De bebouwde wereld zoals we die nu kennen begon met een bloempot. Een bloempot in het Louvre.
Het is 1846 als Joseph Monier, zesde kind uit een arme boerenfamilie uit Saint-Quentin-la-Poterie, gaat werken in de tuinen van het Franse paleis. Hij is nooit naar school geweest – niet nodig volgens zijn moeder, hij was slim genoeg.
Monier is regelmatig bezig met het verpotten van planten – de houten potten die gebruikt worden in de koninklijke tuinen rotten namelijk als een gek. Is er geen beter materiaal te verzinnen dat langer meegaat, vraagt Monier zich af.

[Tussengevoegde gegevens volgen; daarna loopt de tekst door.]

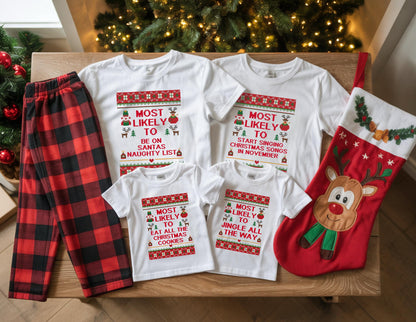 May include: A collection of Christmas-themed apparel, including white t-shirts with festive text and a red and black plaid pajama set. The shirts feature phrases like "Most Likely to be on Santa's Naughty List" and "Most Likely to Start Singing Christmas Songs". A red Christmas stocking is also included.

Hij begint te experimenteren. Klei blijkt niet veel beter: breekt te snel en barst bij grote temperatuurwisselingen. Beton lijkt een goede optie, maar om de potten sterk genoeg te maken worden ze zo dik dat ze nauwelijks nog te verslepen zijn. Het houdt Monier jaren bezig.

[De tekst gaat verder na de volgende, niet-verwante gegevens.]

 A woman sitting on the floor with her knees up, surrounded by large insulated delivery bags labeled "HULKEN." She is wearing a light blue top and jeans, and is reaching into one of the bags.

Dan heeft hij een idee. Wat als hij nu een ijzeren raster verwerkt in het beton? Daarmee zijn de potten een stuk lichter én blijven ze heel wanneer het onverwacht vriest in het voorjaar. Zonder de wetenschap erachter te begrijpen, ontdekt Monier dat beton en ijzer een match made in heaven zijn. De twee materialen zetten gelijkmatig uit, terwijl de combinatie oersterk en toch relatief licht is.
In 1867 vraagt hij patent aan.
En daarmee verandert de tuinman Joseph Monier de manier waarop iedere moderne stad op aarde is gebouwd. Wat begon met zijn bloempotten in het Louvre, is nu de basis voor al onze hoogbouw, voor viaducten, tunnels, moderne architectuur.

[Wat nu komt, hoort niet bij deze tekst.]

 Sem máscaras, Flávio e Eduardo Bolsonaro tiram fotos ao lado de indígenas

Monier ontdekt gewapend beton. Het materiaal waarin de moderne tijd vorm heeft gekregen.
Gewapend beton heeft ons veel gebracht. Tegelijk is het een extreem problematisch materiaal. De productie ervan stoot een hoeveelheid CO2 uit waar zelfs de luchtvaart niet aan kan tippen. Maar zouden we ooit nog zonder kunnen?
De eerste wolkenkrabber van gewapend beton
Lang voordat Monier begint te experimenteren met zijn potten, is beton al bekend als nuttig materiaal. De Romeinen bouwen er een imperium mee. Opus caementicium wordt gebruikt voor de bouw van aquaducten, het Colosseum, een Europees wegennet van zo’n 85.000 kilometer en natuurlijk het Pantheon in Rome, met 43 meter doorsnee nog altijd de grootste koepel van niet-gewapend beton ter wereld.
Beton is een combinatie van 60 tot 75 procent zand en grind, 15 tot 20 procent water en 10 tot 15 procent bindmiddel, het cruciale ingrediënt om het geheel bij elkaar te houden. De Romeinen gebruikten daarvoor vulkanische as: puzzolaan. In modern beton is dat bindmiddel portlandcement.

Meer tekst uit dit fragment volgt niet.